Claro que no. Él siempre tan callado, tan malditamente contenido, como si su corazón estuviera blindado detrás de esas camisas negras y esos ojos de lobo cansado. A veces siento que me mira cuando no debe, que se tensa cuando me acerco, pero al segundo siguiente, se marcha, como si quemara.
Hoy no soñé.
Hoy sentí.
Algo bajo la piel, como una brújula viva, me empuja. Camino entre los árboles, sin rumbo claro, solo dejándome llevar por esa voz muda que parece latir bajo mis costillas. El bosque es denso, las ramas se enredan como dedos, y la humedad pega a mi piel como una promesa rota. Pero no tengo miedo. No hoy. No cuando mi cuerpo parece saber a dónde va, incluso si mi mente aún duda.

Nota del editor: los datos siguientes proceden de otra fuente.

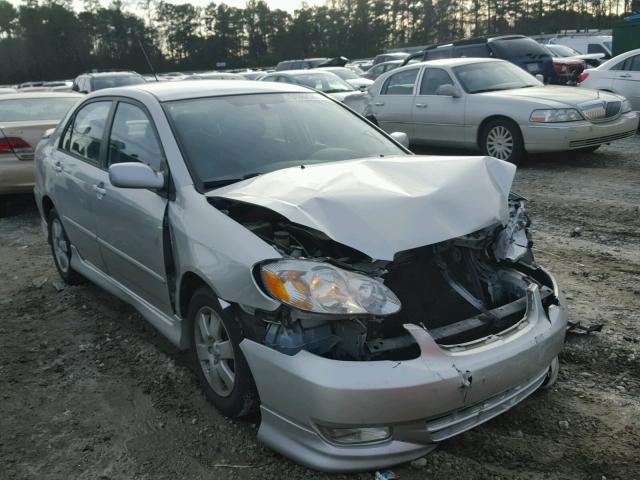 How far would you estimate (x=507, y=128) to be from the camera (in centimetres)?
913

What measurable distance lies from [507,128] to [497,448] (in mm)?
7055

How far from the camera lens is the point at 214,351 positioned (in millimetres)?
3141

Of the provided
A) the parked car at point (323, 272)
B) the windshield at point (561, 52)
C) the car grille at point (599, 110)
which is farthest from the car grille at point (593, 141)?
the windshield at point (561, 52)

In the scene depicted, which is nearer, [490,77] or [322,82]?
[490,77]

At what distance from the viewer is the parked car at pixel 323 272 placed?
2559 millimetres

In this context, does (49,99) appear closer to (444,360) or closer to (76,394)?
(76,394)

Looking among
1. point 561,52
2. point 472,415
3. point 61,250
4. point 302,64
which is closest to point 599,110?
point 61,250

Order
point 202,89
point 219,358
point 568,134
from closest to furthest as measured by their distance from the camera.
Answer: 1. point 219,358
2. point 202,89
3. point 568,134

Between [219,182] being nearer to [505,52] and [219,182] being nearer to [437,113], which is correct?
[437,113]

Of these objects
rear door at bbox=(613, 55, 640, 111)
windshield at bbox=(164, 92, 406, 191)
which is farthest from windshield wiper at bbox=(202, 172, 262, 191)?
rear door at bbox=(613, 55, 640, 111)

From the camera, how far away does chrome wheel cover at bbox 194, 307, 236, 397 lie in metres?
3.04

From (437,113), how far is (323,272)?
26.0ft

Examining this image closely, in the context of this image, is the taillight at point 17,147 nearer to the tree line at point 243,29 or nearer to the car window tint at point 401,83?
the car window tint at point 401,83

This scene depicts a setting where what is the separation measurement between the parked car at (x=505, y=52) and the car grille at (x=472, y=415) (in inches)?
477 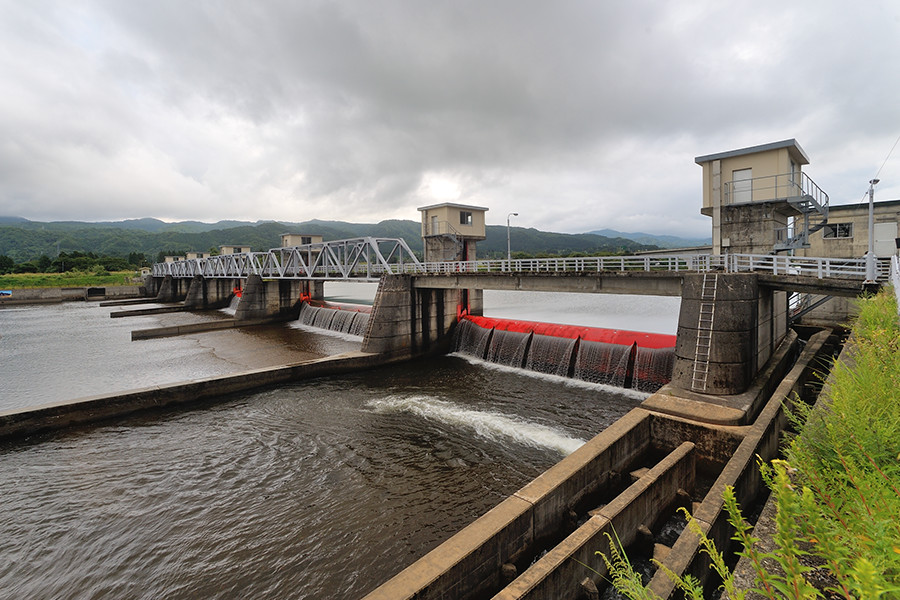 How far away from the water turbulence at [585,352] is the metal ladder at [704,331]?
5.17 metres

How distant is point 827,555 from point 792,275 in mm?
16954

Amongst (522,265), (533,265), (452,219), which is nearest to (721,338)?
(533,265)

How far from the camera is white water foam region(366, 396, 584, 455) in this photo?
14.9 m

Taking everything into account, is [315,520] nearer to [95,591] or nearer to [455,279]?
[95,591]

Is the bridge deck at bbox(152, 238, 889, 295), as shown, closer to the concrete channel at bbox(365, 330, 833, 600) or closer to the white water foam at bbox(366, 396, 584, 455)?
the concrete channel at bbox(365, 330, 833, 600)

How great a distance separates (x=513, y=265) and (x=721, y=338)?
1636cm

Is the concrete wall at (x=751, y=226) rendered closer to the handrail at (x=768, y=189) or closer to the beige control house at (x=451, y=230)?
the handrail at (x=768, y=189)

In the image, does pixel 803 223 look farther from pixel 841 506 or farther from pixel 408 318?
pixel 841 506

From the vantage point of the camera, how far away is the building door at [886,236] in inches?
1117

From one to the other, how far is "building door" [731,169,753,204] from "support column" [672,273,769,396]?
8.94 metres

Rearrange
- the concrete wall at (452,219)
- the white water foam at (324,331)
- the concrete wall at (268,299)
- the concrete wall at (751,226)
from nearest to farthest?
the concrete wall at (751,226), the white water foam at (324,331), the concrete wall at (452,219), the concrete wall at (268,299)

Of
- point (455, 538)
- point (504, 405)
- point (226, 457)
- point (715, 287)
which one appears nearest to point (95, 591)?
point (226, 457)

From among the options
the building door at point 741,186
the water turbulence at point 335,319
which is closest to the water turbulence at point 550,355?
the building door at point 741,186

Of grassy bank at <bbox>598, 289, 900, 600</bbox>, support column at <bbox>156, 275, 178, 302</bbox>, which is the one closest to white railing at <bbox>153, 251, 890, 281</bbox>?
support column at <bbox>156, 275, 178, 302</bbox> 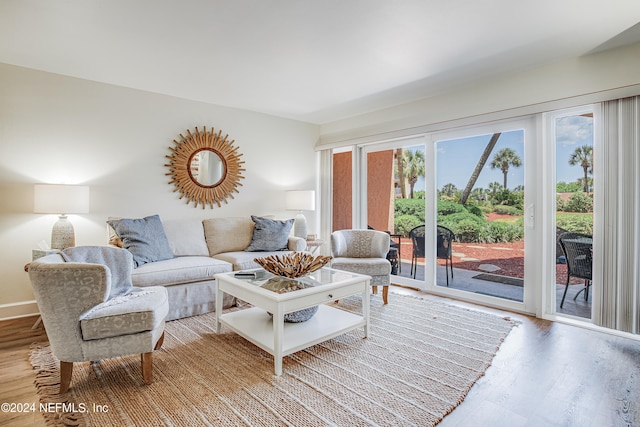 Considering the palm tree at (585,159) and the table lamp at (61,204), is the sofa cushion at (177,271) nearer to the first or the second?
the table lamp at (61,204)

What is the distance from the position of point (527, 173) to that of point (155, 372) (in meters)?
3.63

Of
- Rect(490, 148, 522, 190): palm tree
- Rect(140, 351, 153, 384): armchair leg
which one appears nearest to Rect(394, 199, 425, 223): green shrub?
Rect(490, 148, 522, 190): palm tree

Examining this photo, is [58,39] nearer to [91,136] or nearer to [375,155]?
[91,136]

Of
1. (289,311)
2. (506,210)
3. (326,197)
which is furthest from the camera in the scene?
(326,197)

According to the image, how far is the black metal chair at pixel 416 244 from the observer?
13.4 ft

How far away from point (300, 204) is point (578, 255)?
314 cm

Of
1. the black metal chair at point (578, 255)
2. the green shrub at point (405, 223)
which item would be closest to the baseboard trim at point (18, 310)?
the green shrub at point (405, 223)

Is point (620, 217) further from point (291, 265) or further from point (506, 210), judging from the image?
point (291, 265)

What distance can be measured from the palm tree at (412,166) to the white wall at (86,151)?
7.13 ft

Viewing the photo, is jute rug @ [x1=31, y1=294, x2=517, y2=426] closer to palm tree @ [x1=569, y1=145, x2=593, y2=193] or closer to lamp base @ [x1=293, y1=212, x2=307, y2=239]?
palm tree @ [x1=569, y1=145, x2=593, y2=193]

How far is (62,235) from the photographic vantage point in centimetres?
296

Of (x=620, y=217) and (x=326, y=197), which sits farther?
(x=326, y=197)

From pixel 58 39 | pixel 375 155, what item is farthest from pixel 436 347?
pixel 58 39

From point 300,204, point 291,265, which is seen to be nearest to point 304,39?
point 291,265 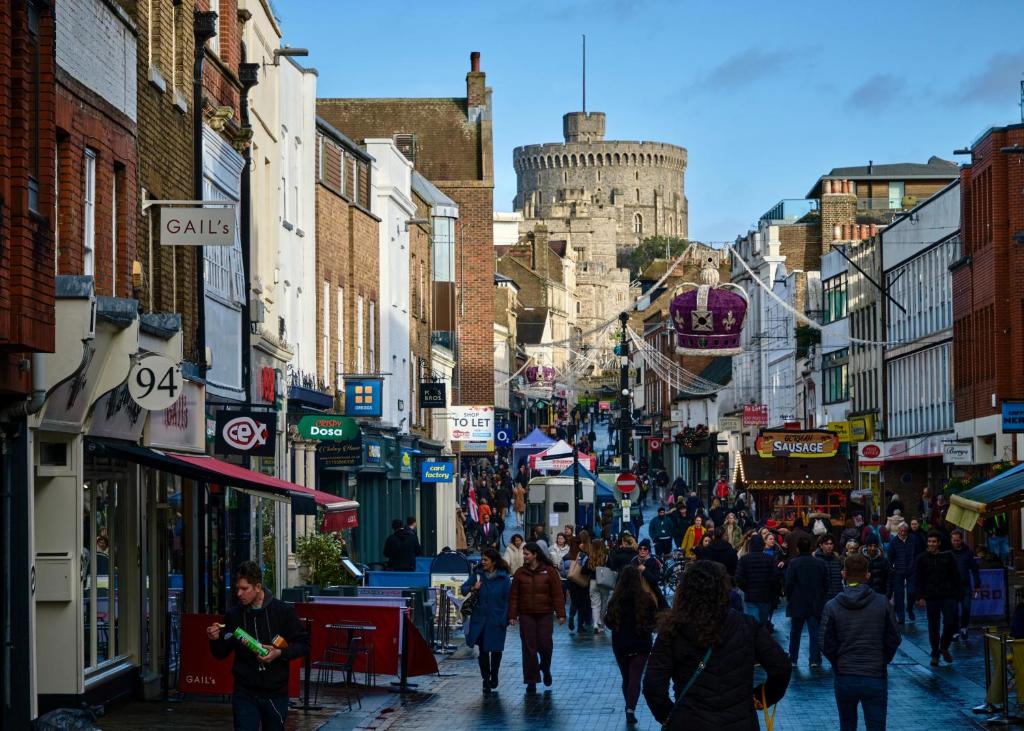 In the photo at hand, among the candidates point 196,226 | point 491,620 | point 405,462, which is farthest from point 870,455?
point 196,226

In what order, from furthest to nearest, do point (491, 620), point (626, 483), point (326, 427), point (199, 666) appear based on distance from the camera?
point (626, 483) < point (326, 427) < point (491, 620) < point (199, 666)

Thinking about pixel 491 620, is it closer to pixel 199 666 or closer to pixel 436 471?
pixel 199 666

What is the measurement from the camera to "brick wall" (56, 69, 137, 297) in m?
16.6

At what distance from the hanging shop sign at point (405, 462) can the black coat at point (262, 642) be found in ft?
103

—¿Otra vez vagando sola? —dice una voz a mi espalda, ronca, baja, demasiado cerca de mi nuca.
Mi corazón da un vuelco y giro, ya sabiendo quién es. Aiden. Por supuesto.
Se apoya en un árbol, los brazos cruzados, observándome como si fuera una pieza de ajedrez fuera de lugar. Pero hay algo distinto en su mirada esta vez. No es juicio. Es... inquietud.
—¿Me estás siguiendo?
—Sí —responde sin rodeos.
Parpadeo. Ese sí, sin adornos ni excusas, me desconcierta más que cualquier mentira.
—¿Por qué?
—Porque este lugar no es seguro.
Lo miro, esperando más. Pero Aiden y las explicaciones no son exactamente mejores amigos.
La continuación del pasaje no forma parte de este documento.